The Standard EA Model is "Get the most out of limited resources"
We have limited resources, and many things to do. This elegant idea is one of the cornerstones of EA: we should try to be as effective as possible to get the most impact per resource (money, time, people, careers, tools, political power...). This implies two things: act as effectively as possible, and direct the resources you can’t use by yourself toward the most effective interventions.
This framework has been enormously productive. It's given us rigorous cause prioritization, careful measurement of intervention effectiveness, and a whole vibrant community that actually takes the question "But is this actually the best use of marginal resources?" seriously.
I do want to emphasize how much this approach is in my opinion the right one (or the very best we have) in a context where the model "scarce resources & many things to do" applies. EA has directed hundreds of millions of dollars toward interventions with strong evidence bases, and built a community that consistently pushes its own limits back in pursuit of getting closer to the truth, identifying important, neglected problems, and making the world a better place.

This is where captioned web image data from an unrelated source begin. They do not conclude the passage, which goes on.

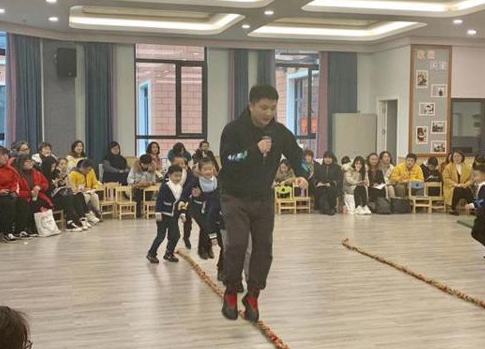 四川幼师学校有哪些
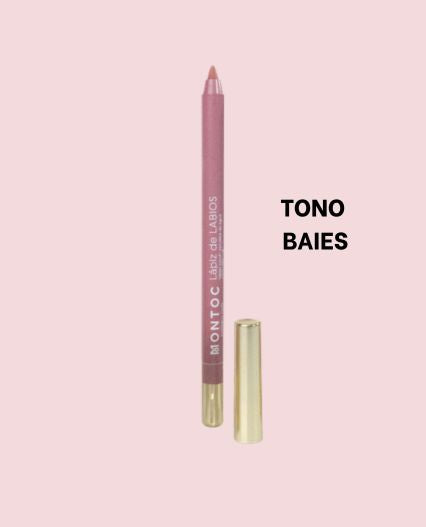 Lápiz De Labios Nueva Presentación Montoc
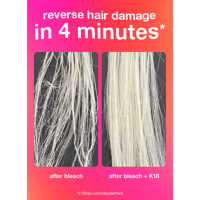 كيه 18 طقم العناية واصلاح الشعر 5 قطع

When Optimization Optimizes Away Your Optimizers
What if the bottleneck restricting our activities was not the effectiveness of our resource use, but the amount of resources? We often talk about "limited resources" as some kind of universally available thing for us (as a movement) to use. I think we should shift our attention onto the amount of resources dedicated to EA work instead.
First piece of the puzzle: EA-dedicated resources is a better metric to track than resources.
Second piece of the puzzle: EA community doesn't just evaluate interventions for effectiveness. It also, quite naturally, evaluates people, ideas, and approaches. I have often heard people (community builders, individuals) ask lightly:
- Is this person working on something important?
- Is this idea likely to pan out?
- Will this approach have any impact?
- That guy is nice but not aligned much
- This org is aligned on our values but not on EA's principles…
These informal evaluations determine who feels welcome in EA. They shape whose ideas get taken seriously. They influence who decides to stick around and contribute their resources.
(Side note: I want to write a fully fledged other post exploring why I think EA's roots in academics and internet spheres have shaped a way to think of integration in the community that is tailored to a very specific set of people, but for the time being consider this claim completely unfounded)
Thinking that our effectiveness standards only affect how we spend resources seems like a big oversight to me: they also have affect how much resources we have access to in the first place. Maybe we should now (in the context of this post at least) start to separate fundraisers and evaluators from community builders and individuals in the way we apply EA’s principles.
Some (fictional) examples
A mid-career professional has built a successful company reducing industrial emissions. They're making good money and want to give back. They hear about EA and like the idea of evidence-based giving.
But when they explore our community, they discover climate change ranks low on the priority list. It's important, but less neglected than AI safety or global health. Fewer clear intervention opportunities exist.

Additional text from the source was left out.